DETAILED DESCRIPTION OF ILLUSTRATIVE EMBODIMENTS
[0018] The making and using of the presently preferred embodiments
are discussed in detail below. It should be appreciated, however,
that the present invention provides many applicable inventive
concepts that can be embodied in a wide variety of specific
contexts. The specific embodiments discussed are merely
illustrative of specific ways to make and use the invention, and do
not limit the scope of the invention.
[0019] The present invention will be described with respect to
preferred embodiments in a specific context, namely a dynamic
random access memory (DRAM) array with a gate-controlled switch
employed as memory cell that can be scaled on the order of support
circuitry, such as transistors used as switches and sense
amplifiers, to facilitate the continued increase in the density of
the DRAM array, with the memory cell being a gate turn-off (GTO)

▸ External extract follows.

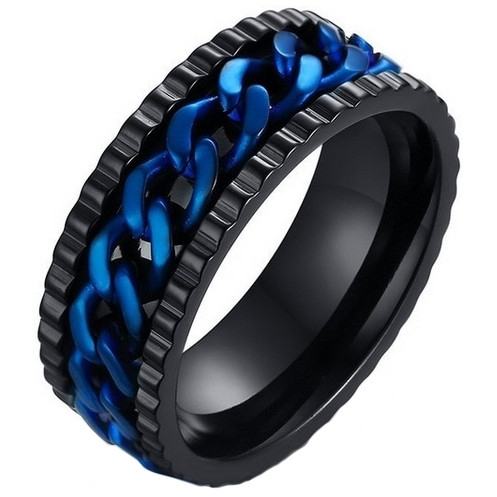 LGT Jewels edelstaal heren ring Cuban Link Zwart Blauw-22mm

thyristor. However, the present invention can be applied to other
types of thyristors, such as a MOS-controlled thyristor (MCT), a
MOS-gated thyristor, a field-controlled thyristor (FCT), an
emitter-switched thyristor (EST), an insulated gate turn-off
thyristor (IGTT), an insulated gate thyristor (IGT), a
gate-commutated thyristor (GCT), an integrated gate-command
thyristor (IGCT), a base resistance controlled thyristor (BRT), and
so forth.
[0020] A thyristor is a solid-state semiconductor device that is
similar to a diode. However, a thyristor has an additional control
terminal, a gate terminal, that can be used to control the
conduction of the thyristor. A thyristor will turn one when a
current is provided at the gate terminal and once the thyristor is
turned on, the thyristor will remain in the on state as long as it
remains forward biased. Thyristors are considered to be well
understood by those of ordinary skill in the art of the present
invention.
[0021] With reference now to FIGS. 2a and 2b, there are shown
diagrams illustrating a physical structure of a GTO 200 and an
equivalent circuit model of the GTO 200. The diagram shown in FIG.
2a illustrates the structure of the GTO 200. The GTO 200 includes
three terminals (an anode terminal, a cathode terminal, and a gate
terminal) and four different layers of semiconductor material.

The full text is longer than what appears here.